[[ Data provided, beginning ]]
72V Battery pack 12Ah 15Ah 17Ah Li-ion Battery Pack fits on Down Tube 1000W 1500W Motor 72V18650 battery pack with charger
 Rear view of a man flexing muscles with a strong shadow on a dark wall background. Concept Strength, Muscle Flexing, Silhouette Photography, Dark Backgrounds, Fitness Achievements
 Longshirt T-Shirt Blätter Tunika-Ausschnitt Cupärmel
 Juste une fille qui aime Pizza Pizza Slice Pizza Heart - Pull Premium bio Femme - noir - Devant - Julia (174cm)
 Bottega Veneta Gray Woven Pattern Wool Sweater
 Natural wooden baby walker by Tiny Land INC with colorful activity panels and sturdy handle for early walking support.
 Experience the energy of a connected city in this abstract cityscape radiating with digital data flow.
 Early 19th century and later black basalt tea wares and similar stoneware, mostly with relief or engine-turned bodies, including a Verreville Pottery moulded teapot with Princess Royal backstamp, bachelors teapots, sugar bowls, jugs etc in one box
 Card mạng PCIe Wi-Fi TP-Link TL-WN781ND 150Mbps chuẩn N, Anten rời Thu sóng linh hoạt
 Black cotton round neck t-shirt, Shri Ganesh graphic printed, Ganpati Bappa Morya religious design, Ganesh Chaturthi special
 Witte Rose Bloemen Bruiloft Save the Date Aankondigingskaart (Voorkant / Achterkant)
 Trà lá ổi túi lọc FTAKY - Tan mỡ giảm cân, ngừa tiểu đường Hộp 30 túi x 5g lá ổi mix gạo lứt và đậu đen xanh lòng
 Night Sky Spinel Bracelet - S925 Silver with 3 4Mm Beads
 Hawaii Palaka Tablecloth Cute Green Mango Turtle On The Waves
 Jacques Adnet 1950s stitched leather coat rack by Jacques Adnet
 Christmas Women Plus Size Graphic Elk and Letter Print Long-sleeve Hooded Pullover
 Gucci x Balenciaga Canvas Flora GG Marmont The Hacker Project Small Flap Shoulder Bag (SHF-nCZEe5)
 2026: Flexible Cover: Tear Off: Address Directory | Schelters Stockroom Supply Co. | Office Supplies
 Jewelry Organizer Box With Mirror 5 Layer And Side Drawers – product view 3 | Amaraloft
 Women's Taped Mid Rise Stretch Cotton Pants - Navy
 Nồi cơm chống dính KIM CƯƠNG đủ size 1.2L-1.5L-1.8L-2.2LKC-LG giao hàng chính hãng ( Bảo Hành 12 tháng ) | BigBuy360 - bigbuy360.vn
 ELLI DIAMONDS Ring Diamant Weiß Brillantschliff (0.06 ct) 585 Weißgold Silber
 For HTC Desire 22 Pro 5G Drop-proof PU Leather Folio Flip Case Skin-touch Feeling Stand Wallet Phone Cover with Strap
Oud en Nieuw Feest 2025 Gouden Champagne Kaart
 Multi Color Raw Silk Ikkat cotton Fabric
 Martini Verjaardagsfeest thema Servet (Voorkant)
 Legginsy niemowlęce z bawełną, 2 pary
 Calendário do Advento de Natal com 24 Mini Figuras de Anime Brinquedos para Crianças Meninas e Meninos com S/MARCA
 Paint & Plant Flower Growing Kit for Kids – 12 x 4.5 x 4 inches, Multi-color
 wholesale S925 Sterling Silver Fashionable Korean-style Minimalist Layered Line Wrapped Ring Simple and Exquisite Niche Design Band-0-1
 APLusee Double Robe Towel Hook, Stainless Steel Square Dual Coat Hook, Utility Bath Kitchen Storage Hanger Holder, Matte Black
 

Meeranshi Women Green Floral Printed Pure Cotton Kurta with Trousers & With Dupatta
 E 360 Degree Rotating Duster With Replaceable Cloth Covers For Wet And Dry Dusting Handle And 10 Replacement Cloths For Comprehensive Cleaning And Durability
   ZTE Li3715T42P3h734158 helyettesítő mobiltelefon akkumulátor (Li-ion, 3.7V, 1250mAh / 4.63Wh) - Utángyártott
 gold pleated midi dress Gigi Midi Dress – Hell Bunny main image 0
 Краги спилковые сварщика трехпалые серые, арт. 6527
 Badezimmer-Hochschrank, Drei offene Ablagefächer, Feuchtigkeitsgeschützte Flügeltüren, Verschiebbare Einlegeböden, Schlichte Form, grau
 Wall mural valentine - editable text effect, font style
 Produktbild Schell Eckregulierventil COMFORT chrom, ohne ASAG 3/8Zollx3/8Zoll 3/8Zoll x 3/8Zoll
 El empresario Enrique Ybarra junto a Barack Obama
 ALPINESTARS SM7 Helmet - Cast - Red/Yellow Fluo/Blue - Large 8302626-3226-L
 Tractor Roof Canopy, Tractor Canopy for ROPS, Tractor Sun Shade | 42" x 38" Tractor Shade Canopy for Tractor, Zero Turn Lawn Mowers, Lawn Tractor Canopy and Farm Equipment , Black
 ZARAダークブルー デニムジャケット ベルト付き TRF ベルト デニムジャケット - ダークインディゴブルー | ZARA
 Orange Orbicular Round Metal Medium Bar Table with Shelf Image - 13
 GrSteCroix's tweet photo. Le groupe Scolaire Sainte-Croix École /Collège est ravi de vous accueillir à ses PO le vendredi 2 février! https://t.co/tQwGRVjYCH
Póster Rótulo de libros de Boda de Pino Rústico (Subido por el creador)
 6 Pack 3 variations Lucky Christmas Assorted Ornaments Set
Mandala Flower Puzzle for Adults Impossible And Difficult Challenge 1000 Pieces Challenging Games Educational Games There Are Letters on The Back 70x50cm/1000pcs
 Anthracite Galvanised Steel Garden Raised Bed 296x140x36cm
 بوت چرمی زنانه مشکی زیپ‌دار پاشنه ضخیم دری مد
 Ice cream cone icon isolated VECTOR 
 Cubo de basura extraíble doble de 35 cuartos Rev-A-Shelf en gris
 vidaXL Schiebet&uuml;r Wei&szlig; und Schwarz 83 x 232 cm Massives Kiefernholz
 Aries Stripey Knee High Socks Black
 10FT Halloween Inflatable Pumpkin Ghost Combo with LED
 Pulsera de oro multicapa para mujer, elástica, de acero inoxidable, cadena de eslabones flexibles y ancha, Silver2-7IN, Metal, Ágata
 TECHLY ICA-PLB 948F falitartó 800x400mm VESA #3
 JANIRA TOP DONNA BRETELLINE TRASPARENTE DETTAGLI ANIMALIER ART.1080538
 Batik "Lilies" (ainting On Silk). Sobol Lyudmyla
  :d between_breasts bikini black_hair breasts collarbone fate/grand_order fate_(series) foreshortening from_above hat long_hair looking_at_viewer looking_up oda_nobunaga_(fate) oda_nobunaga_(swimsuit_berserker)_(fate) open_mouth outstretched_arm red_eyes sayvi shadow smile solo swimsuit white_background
[[ Data provided, end ]]
- _Work to be completed_: The lines above from the one containing "Paint & Plant" through the one containing "El empresario Enrique" are to be set down exactly, and no others.

- _Result of the task_:
 Paint & Plant Flower Growing Kit for Kids – 12 x 4.5 x 4 inches, Multi-color
 wholesale S925 Sterling Silver Fashionable Korean-style Minimalist Layered Line Wrapped Ring Simple and Exquisite Niche Design Band-0-1
 APLusee Double Robe Towel Hook, Stainless Steel Square Dual Coat Hook, Utility Bath Kitchen Storage Hanger Holder, Matte Black
 

Meeranshi Women Green Floral Printed Pure Cotton Kurta with Trousers & With Dupatta
 E 360 Degree Rotating Duster With Replaceable Cloth Covers For Wet And Dry Dusting Handle And 10 Replacement Cloths For Comprehensive Cleaning And Durability
   ZTE Li3715T42P3h734158 helyettesítő mobiltelefon akkumulátor (Li-ion, 3.7V, 1250mAh / 4.63Wh) - Utángyártott
 gold pleated midi dress Gigi Midi Dress – Hell Bunny main image 0
 Краги спилковые сварщика трехпалые серые, арт. 6527
 Badezimmer-Hochschrank, Drei offene Ablagefächer, Feuchtigkeitsgeschützte Flügeltüren, Verschiebbare Einlegeböden, Schlichte Form, grau
 Wall mural valentine - editable text effect, font style
 Produktbild Schell Eckregulierventil COMFORT chrom, ohne ASAG 3/8Zollx3/8Zoll 3/8Zoll x 3/8Zoll
 El empresario Enrique Ybarra junto a Barack Obama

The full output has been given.